Receiver-operating characteristic (ROC) curves for the SD and variance signature-based random forest model using a random walk oversampling technique

Three other popular machine learning algorithms were also considered for model construction: Logistic regression and Lasso Regression (with a minimum error and one standard error away). All three performed poorly compared to the random forest model in correctly classifying the cavities due to the complex nature of the data and the ability of the random forest model to classify less distinctive groups with overlapping information for the classes.

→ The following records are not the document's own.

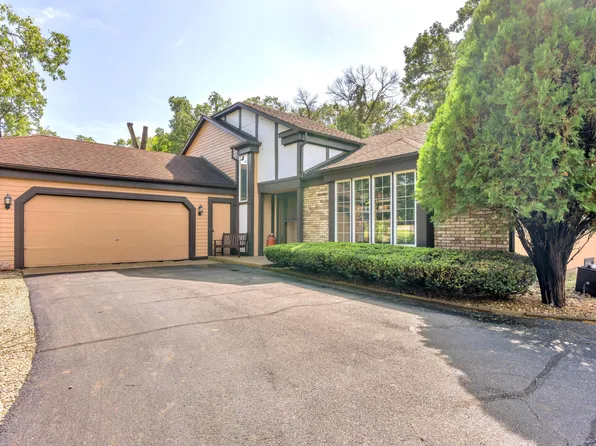 9796 N David Ct, Demotte, IN 46310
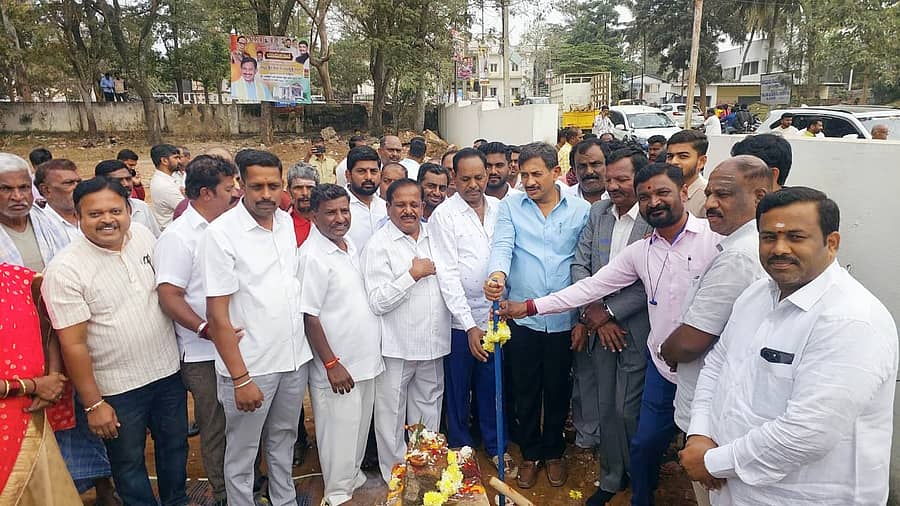 ಮಾಗಡಿಯಲ್ಲಿ ಅಂಬೇಡ್ಕರ್ ಭವನ ನಿರ್ಮಾಣಕ್ಕೆ ಶಾಸಕ ಬಾಲಕೃಷ್ಣ ಭೂಮಿ ಪೂಜೆ ನೆರವೇಸಿದರು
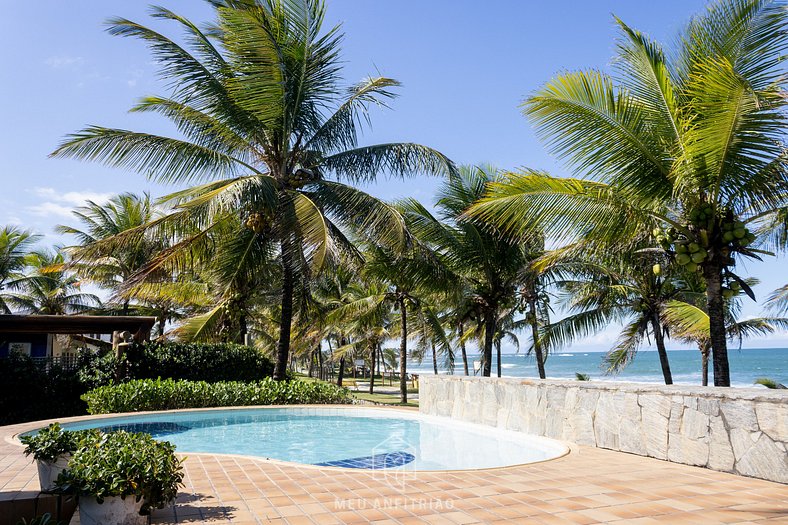 Beachfront house with garage in Guarajuba Beach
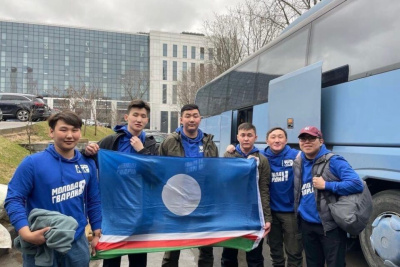 Молодогвардейцы Якутии оказывают помощь на территории ДНР и ЛНР / ЯСИА   Республика Саха (Якутия)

Although we were able to develop robust radiomics models, there are limitations to this study. One major restriction is caused by the intrinsically superimposed nature of CXR images. Ribs and other higher density overlying structures cause noise in the lungs that is detected in the radiomic features. Currently, there are some attempts to develop bone suppression software that can retrospectively remove the ribs from CXR [41], but these models were not yet matured enough to apply to our unseen dataset. The successful removal of all superimposed high-density structures might further improve the performance of our model. Cavities are a single representation of PTB, but it is also a common challenge in image-based studies that multiple radiological TB expressions (e.g., adenopathy, infiltrates, and plural effusions) are present on a single X-ray. It is important to note that these other radiological expressions that might be present on the cavity CXR dataset can cause some subjectivity to the outcome of this study. Our sliding window segmentation method was only tested on a single representation of PTB. Future perspectives will extend this technique to other presentations and clinical models.

Conclusion

In this study, two separate radiomic models were constructed, both of which achieved good classification accuracy for normal chest X-rays and cavities on X-rays of people suffering from pulmonary TB. This was achieved by the introduction of a secondary sliding window segmentation that was superimposed on a conventional automatic lung segmentation. This reproducible automatic segmentation method eliminates the difficult and labor-intensive manual disease delineation task, and it alleviates the subjectivity introduced by human judgement on X-rays. The well performing radiomic model could assist clinicians with the prompt diagnosis of pulmonary TB using digital chest X-rays. Accompanied with clinical signs and symptoms, it might aid diagnosis and commencement of pulmonary TB treatment and improve the accuracy of high-volume X-ray TB screening or surveillance programs.